Türkische Presse Europa
11. und 12.06.2009 – Visafreiheit, EU-Beitritt Türkei, Islam
Die Europaausgaben der türkischen Zeitungen beschäftigen sich heute vornehmlich mit der Visafreiheit für türkische Staatsbürger. Das türkische Außenministerium hat sich zu den Verfahrensregelungen der deutschen Botschaft geäußert. In diversen Berichten werden ferner das Ergebnis der Europawahl sowie die EU-Beitrittsverhandlungen mit der Türkei diskutiert. Weitere Themen sind unter anderem der Integrations-Indikatorenbericht der Bundesregierung und das Anerkennungsverfahren für ausländische Abschlüsse.
Freitag, 12.06.2009, 22:31 Uhr|zuletzt aktualisiert: Dienstag, 24.08.2010, 19:28 Uhr Lesedauer: 7 Minuten |
Deutscher Botschafter erörtert Visaregelungen
Der deutsche Botschafter in Ankara, Dr. Eckart Cuntz, hat in einem Gespräch mit der MILLIYET die Regelungen zur Visafreiheit für türkische Staatsbürger erörtert. Der Botschafter betonte, dass die neuen Regelung nicht die Einreise nach und den Aufenthalt in Deutschland zum Zweck der Entgegennahme von Dienstleistungen betrifft.
Die Visafreie Einreise für türkische Touristen sei vom Soysal Urteil des EuGH nicht erfasst. Voraussetzung sei, dass der geplante Aufenthalt der Erbringung einer vorübergehenden Dienstleistung als Arbeitnehmer im Dienst eines Arbeitgebers mit Sitz in der Türkei als Kraftfahrer im grenzüberschreitenden Personen- und Güterverkehr oder im Zusammenhang mit Montage-, Reparatur- oder Instandhaltungsarbeiten an von einer Firma aus der Türkei gelieferten Anlagen oder Maschinen oder der Erbringung von entgeltlichen Dienstleistungen in der Form von Vorträgen oder Darbietungen von besonderem künstlerischen Wert anerkannter Künstler, Vorträgen und Darbietungen von besonderem wissenschaftlichen Wert und Darbietungen sportlichen Charakters von Berufssportlern, dient.

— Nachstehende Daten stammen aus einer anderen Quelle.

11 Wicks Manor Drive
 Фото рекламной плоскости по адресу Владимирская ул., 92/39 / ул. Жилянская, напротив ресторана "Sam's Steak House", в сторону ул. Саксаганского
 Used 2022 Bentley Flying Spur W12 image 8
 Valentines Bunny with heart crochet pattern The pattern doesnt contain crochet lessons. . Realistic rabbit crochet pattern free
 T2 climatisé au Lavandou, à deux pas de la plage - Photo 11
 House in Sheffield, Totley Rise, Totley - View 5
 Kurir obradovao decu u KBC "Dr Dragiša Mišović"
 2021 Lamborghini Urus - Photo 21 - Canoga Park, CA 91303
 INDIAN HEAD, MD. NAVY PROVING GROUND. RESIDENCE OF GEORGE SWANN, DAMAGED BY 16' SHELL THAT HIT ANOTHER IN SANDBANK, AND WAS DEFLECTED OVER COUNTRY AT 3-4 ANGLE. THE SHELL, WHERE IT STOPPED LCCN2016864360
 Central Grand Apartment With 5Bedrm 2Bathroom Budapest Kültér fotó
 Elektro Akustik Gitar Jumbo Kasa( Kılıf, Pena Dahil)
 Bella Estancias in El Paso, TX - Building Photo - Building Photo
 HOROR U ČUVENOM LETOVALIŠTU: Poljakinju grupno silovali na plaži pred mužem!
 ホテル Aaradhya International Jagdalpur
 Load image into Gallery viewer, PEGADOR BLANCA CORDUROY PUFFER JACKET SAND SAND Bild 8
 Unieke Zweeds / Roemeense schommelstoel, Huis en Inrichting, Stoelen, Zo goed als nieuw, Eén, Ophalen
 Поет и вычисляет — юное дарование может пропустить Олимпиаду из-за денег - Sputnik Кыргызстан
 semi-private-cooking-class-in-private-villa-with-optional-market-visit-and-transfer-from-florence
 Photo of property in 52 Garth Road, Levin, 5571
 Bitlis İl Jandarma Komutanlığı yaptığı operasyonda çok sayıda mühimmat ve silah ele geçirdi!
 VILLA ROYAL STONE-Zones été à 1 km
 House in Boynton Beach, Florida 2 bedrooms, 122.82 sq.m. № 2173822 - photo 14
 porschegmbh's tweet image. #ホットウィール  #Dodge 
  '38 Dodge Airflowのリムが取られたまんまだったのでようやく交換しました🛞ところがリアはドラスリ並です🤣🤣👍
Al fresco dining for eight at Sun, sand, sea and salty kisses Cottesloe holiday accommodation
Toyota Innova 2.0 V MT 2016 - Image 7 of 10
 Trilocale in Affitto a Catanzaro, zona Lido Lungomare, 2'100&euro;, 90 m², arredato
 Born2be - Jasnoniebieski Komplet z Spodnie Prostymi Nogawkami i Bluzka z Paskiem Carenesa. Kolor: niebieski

Um Probleme an der Grenze weitgehend auszuschließen, empfiehlt Cuntz, sich vor Einreise nach Deutschland eine „Bescheinigung über die visumfreie Einreise“ bei den deutschen Auslandsvertretungen in der Türkei einzuholen. „Die Bescheinigungen der deutschen Auslandsvertretungen binden die deutschen Grenzbehörden allerdings nicht“, räumt der Botschafter ein.
HÜRRIYET berichtet, dass die Turkish Airlines (THY) hinsichtlich der Visafreiheit eine Anfrage bei der deutschen Botschaft stellen werde. In der praktischen Umsetzung der Richtlinie bestünden noch Fragen. HÜRRIYET kritisiert ferner, dass die Grenzpolizei im Flugzeug Passkontrollen durchführt. Das sei erniedrigend. Auch seien nur Flieger betroffen, die aus der Türkei kommen. Ein Polizeibeamter in Frankfurt habe erklärt, dass die üblichen Kontrollen im Flughafen durchgeführt werden. Über die Kontrollen im Flugzeug könne er keine Auskunft geben.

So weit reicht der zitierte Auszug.